ECLI:NL:PHR:2012:BU7630

Parket bij de Hoge Raad

Datum uitspraak
20 maart 2012
Publicatiedatum
5 april 2013
Zaaknummer
10/01872
Instantie
Parket bij de Hoge Raad
Type
Conclusie
Rechtsgebied
Strafrecht
Rechters
  • Mr. Hofstee
Vindplaatsen
  • Rechtspraak.nl
AI samenvatting door LexboostAutomatisch gegenereerd

Strafmotivering en de bevoegdheid van de rechter bij tenuitvoerlegging van vrijheidsstraffen

In deze zaak heeft de Hoge Raad zich gebogen over de strafmotivering van het Gerechtshof te Arnhem, dat op 14 april 2010 een verdachte had veroordeeld tot een gevangenisstraf van zes maanden, waarvan drie maanden voorwaardelijk, en een taakstraf van 120 uren.
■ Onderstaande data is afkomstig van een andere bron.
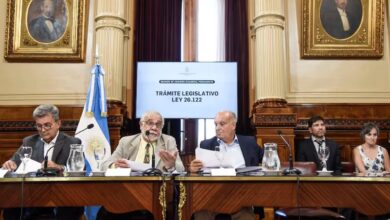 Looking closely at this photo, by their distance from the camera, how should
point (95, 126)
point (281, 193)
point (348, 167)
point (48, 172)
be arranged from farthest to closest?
point (95, 126)
point (348, 167)
point (48, 172)
point (281, 193)

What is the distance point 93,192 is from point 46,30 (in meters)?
4.98

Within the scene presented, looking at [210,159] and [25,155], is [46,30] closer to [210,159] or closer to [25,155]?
[25,155]

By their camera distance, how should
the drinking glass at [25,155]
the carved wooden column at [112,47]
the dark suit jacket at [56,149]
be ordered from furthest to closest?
the carved wooden column at [112,47] → the dark suit jacket at [56,149] → the drinking glass at [25,155]

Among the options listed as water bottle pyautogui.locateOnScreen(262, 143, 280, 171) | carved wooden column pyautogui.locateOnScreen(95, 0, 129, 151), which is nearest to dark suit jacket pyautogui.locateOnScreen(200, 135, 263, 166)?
water bottle pyautogui.locateOnScreen(262, 143, 280, 171)

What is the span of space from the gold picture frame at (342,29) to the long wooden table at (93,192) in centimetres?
496

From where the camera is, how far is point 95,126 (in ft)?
20.6

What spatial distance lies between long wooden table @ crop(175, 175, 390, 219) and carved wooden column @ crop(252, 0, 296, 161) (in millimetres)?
3629

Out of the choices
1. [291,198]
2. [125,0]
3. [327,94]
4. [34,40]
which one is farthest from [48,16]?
[291,198]

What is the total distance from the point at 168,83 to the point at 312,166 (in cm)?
299

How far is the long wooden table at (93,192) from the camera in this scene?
9.87 ft

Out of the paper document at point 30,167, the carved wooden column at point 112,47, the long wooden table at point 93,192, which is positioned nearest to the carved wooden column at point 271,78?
the carved wooden column at point 112,47

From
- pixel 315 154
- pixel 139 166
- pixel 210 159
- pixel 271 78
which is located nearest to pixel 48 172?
pixel 139 166

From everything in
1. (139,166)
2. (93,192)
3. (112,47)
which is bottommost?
(93,192)

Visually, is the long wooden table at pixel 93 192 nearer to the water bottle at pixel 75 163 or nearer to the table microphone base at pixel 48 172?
the table microphone base at pixel 48 172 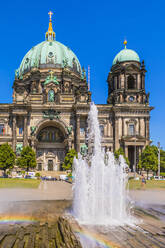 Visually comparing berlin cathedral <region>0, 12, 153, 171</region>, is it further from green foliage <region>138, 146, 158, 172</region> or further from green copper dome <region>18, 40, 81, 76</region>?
green copper dome <region>18, 40, 81, 76</region>

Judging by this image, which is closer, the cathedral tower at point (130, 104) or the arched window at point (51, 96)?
→ the cathedral tower at point (130, 104)

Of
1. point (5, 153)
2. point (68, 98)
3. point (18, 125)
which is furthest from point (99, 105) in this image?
point (5, 153)

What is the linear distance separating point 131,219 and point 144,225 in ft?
4.34

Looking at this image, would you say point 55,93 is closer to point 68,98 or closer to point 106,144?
point 68,98

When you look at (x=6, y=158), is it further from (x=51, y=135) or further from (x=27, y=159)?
(x=51, y=135)

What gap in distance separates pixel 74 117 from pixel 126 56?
21862 millimetres

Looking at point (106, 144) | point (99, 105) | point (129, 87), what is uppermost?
point (129, 87)

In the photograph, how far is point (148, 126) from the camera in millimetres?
63969

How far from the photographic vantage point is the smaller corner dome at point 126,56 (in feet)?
224

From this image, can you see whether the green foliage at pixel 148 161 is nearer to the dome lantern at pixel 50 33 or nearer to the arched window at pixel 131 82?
the arched window at pixel 131 82

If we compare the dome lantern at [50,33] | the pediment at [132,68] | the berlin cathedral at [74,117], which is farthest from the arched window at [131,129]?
the dome lantern at [50,33]

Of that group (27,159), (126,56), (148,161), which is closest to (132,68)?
(126,56)

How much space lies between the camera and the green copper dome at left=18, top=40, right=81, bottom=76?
259ft

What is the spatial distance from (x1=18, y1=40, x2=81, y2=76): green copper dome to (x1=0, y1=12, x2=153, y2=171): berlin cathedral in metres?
8.07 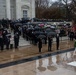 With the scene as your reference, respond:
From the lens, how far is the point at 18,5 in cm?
3634

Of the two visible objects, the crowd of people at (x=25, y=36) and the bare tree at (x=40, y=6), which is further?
the bare tree at (x=40, y=6)

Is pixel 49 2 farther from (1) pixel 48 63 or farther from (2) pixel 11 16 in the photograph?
(1) pixel 48 63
De verdachte had over een periode van twee jaar zijn aangifte voor de inkomstenbelasting niet tijdig gedaan, wat resulteerde in een benadelingsbedrag van € 184.729. Het Hof had in zijn motivering aangegeven dat de onvoorwaardelijke gevangenisstraf in de vorm van elektronische detentie zou worden tenuitvoergelegd, maar de vraag was of het Hof hiermee een bindende beslissing had genomen over de wijze van tenuitvoerlegging.

De Hoge Raad oordeelde dat de strafrechter weliswaar een niet-bindend advies kan geven over de tenuitvoerlegging van de opgelegde straf, maar niet bevoegd is om bindend te beslissen over de wijze van tenuitvoerlegging. De overweging van het Hof dat de onvoorwaardelijke gevangenisstraf in de vorm van elektronische detentie zou worden uitgevoerd, werd niet als een bindende beslissing beschouwd. De Hoge Raad concludeerde dat de strafmotivering van het Hof niet begrijpelijk was, omdat het Hof enerzijds een onvoorwaardelijke gevangenisstraf oplegde, maar anderzijds stelde dat de verdachte niet naar de gevangenis moest. Dit leidde tot de conclusie dat de strafmotivering niet zonder meer begrijpelijk was.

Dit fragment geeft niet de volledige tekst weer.